Linux-mm Archive on lore.kernel.org
 help / color / mirror / Atom feed
* [RFC PATCH 0/3] mm: drop redundant lru_add_drain in anon folio reuse paths
@ 2026-06-11 10:51 Barry Song (Xiaomi)
  2026-06-11 10:51 ` [RFC PATCH 1/3] mm: avoid unnecessary lru drain for wp_can_reuse_anon_folio() Barry Song (Xiaomi)
                   ` (2 more replies)
  0 siblings, 3 replies; 8+ messages in thread
From: Barry Song (Xiaomi) @ 2026-06-11 10:51 UTC (permalink / raw)
  To: akpm, linux-mm
  Cc: linux-kernel, david, ljs, liam, vbabka, rppt, surenb, mhocko,
	chrisl, kasong, shikemeng, nphamcs, baoquan.he, youngjun.park,
	jp.kobryn, usama.arif, shakeel.butt, Barry Song (Xiaomi)

We are doing a large number of redundant lru_add_drain() calls in
both wp_can_reuse_anon_folio() and do_swap_page(), leading to LRU
lock contention and unnecessary overhead.

In wp_can_reuse_anon_folio(), we can check the refcount against the
lru_cache before deciding to drain. In do_swap_page(), the drain is
now entirely redundant after Kairui's work to route SYNC I/O through
the swapcache in the same way as ASYNC I/O.

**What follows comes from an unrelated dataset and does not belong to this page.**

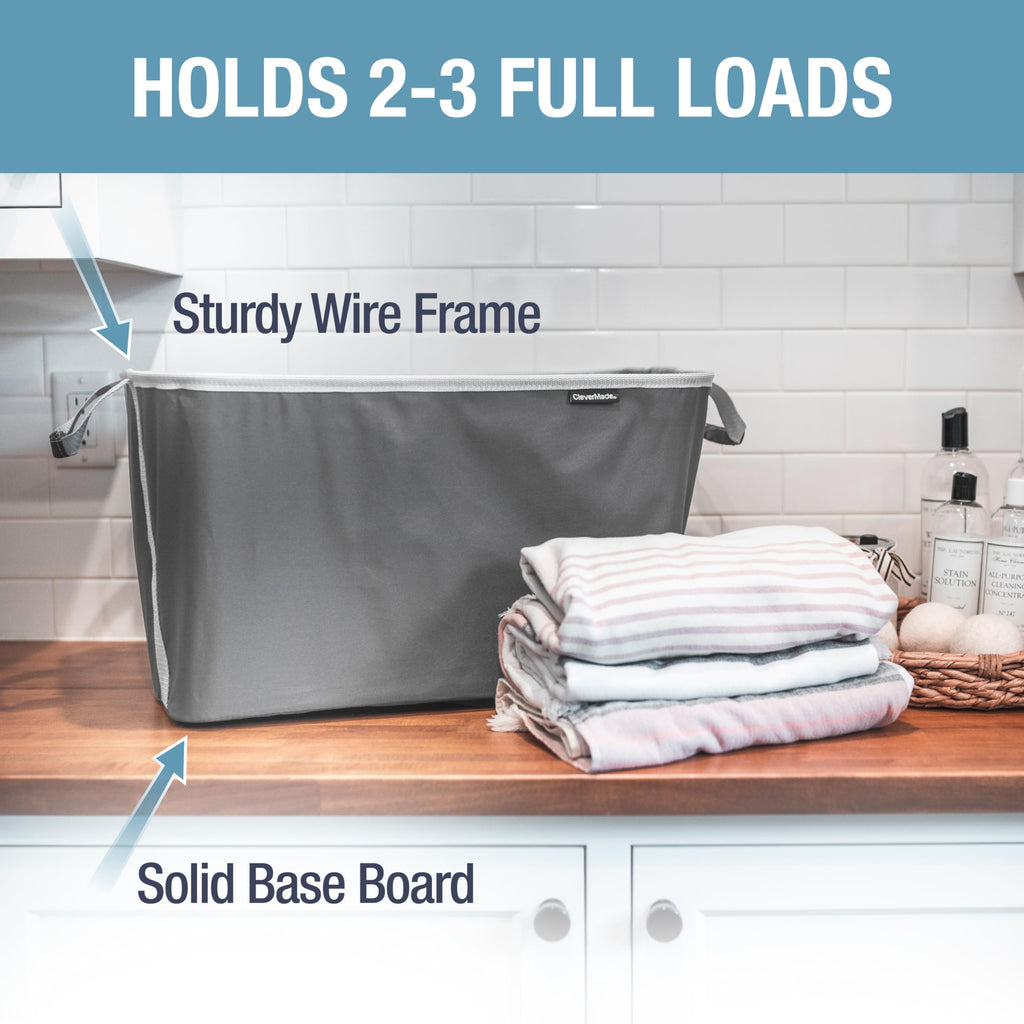 Collapsible Laundry Baskets, 60L 2 Pack, 55 lb, Pop-Up, Charcoal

Build the kernel within a 1GB memcg using 20 threads with zRAM swap.
The number of lru_add_drain() calls is reduced from 276,787 to
230,283, while sys time decreases slightly from 3m40.125s to
3m37.128s.

Build the kernel within an 800MB memcg using 20 threads with zRAM
swap. The number of lru_add_drain() calls is reduced from 796,661 to
537,262, while sys time decreases slightly from 6m25.981s to
6m22.678s.

Barry Song (Xiaomi) (3):
  mm: avoid unnecessary lru drain for wp_can_reuse_anon_folio()
  mm: drop stale folio_ref_count()==1 check in do_swap_page reuse logic
  mm: entirely remove lru_add_drain in do_swap_page

 mm/memory.c | 25 +++++++++----------------
 1 file changed, 9 insertions(+), 16 deletions(-)

-- 
2.39.3 (Apple Git-146)



^ permalink raw reply	[flat|nested] 8+ messages in thread

* [RFC PATCH 1/3] mm: avoid unnecessary lru drain for wp_can_reuse_anon_folio()
  2026-06-11 10:51 [RFC PATCH 0/3] mm: drop redundant lru_add_drain in anon folio reuse paths Barry Song (Xiaomi)
@ 2026-06-11 10:51 ` Barry Song (Xiaomi)
  2026-06-11 18:09   ` Shakeel Butt
  2026-06-11 10:51 ` [RFC PATCH 2/3] mm: drop stale folio_ref_count()==1 check in do_swap_page reuse logic Barry Song (Xiaomi)
  2026-06-11 10:51 ` [RFC PATCH 3/3] mm: entirely remove lru_add_drain in do_swap_page Barry Song (Xiaomi)
  2 siblings, 1 reply; 8+ messages in thread
From: Barry Song (Xiaomi) @ 2026-06-11 10:51 UTC (permalink / raw)
  To: akpm, linux-mm
  Cc: linux-kernel, david, ljs, liam, vbabka, rppt, surenb, mhocko,
	chrisl, kasong, shikemeng, nphamcs, baoquan.he, youngjun.park,
	jp.kobryn, usama.arif, shakeel.butt, Barry Song (Xiaomi)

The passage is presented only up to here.